Let’s tie it to the line in our mental model “Discovery Process and Experimentation Versus Grand Plans” which states that “…a company without some ventures that fail is a company that isn’t taking enough risks.” Most everyone will agree that failures are necessary for success, but how necessary? Simply an unavoidable side effect? Something we put up with to get to the end goal? Perhaps, but I would like to posit that it is process-critical.
While training my daughter, I cannot anticipate every time that we’re “on the clock”, for if I did, she wouldn’t learn anything but to depend on me. I have to LET her fail, teach her why that happened, try to explain what she can do about it, and then simply wait for that fail/teach/learn cycle to repeat. Until it clicks.

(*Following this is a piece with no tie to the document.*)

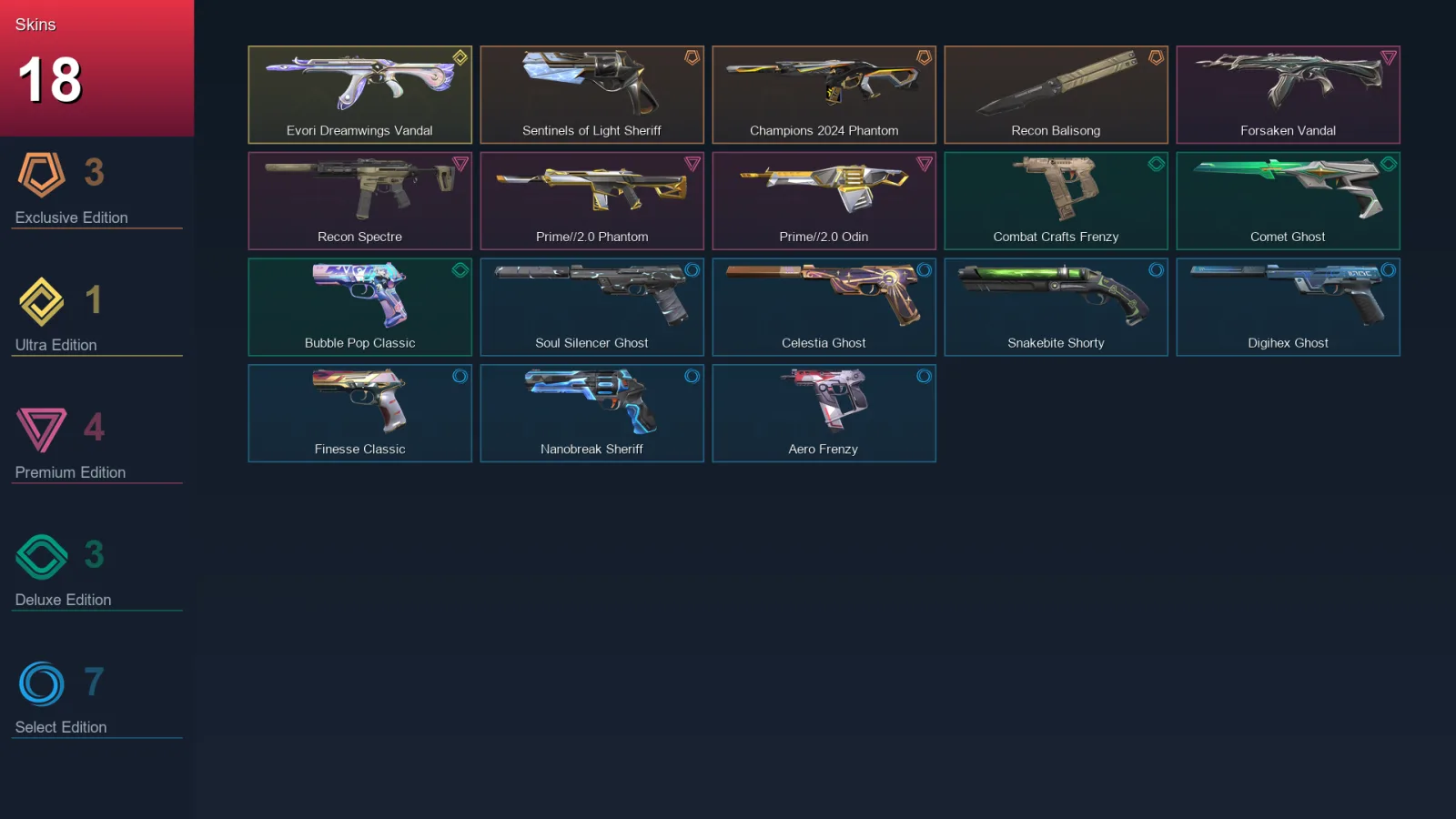AP | Lv175 | Unranked | 18 Skin | 27 Agent | 74 Buddy — Nanobreak Sheriff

You cannot learn certain things without first failing. What we’re calling “failure” here is a critical step in the process. If we celebrate those failures as a path to success, we will learn, grow and profit.
Here is an everyday illustration of learning from failure. Around the office, I am the go-to-guy for any IT issues that aren’t worth actually calling IT about (yet). Just yesterday there was a meeting going on and a projector that I am not at all familiar with wasn’t working, but I was pulled in to troubleshoot. One main style of troubleshooting is guess-and-check (a great math technique too!) so I grabbed the remote and started hitting buttons that made sense to me: input, hdmi, layout… things like that. While we ended up getting the display working, the attendees were impressed, but what I doubt they realize is that in that short amount of time there were a few buttons I pushed that didn’t do what I was hoping they would (self-view, presentation, some button with a picture on it) I quickly narrowed my options by learning those aren’t what I need. Now I’ll admit the stakes were very low for pushing a wrong button, but I think we want to find low stakes ways to risk failure.
Taking as a given that we want to be effective, efficient, and eliminate waste: How can we lower the social costs of making mistakes in order to create a learning culture?
Thanks to David for the guest post and frequent comments. If you’d like to submit a potential guest post, send a draft to ann.zerkle (at) cgkfoundation.org.






I wonder if we, as humans, tend to chronically overestimate the social costs of making mistakes. A mistake that seems like a big deal to me is usually not at all to anyone else. So is the real question, how do we adjust our perception of what constitutes a true mistake and want constitutes learning to be more in line with how other people perceive us?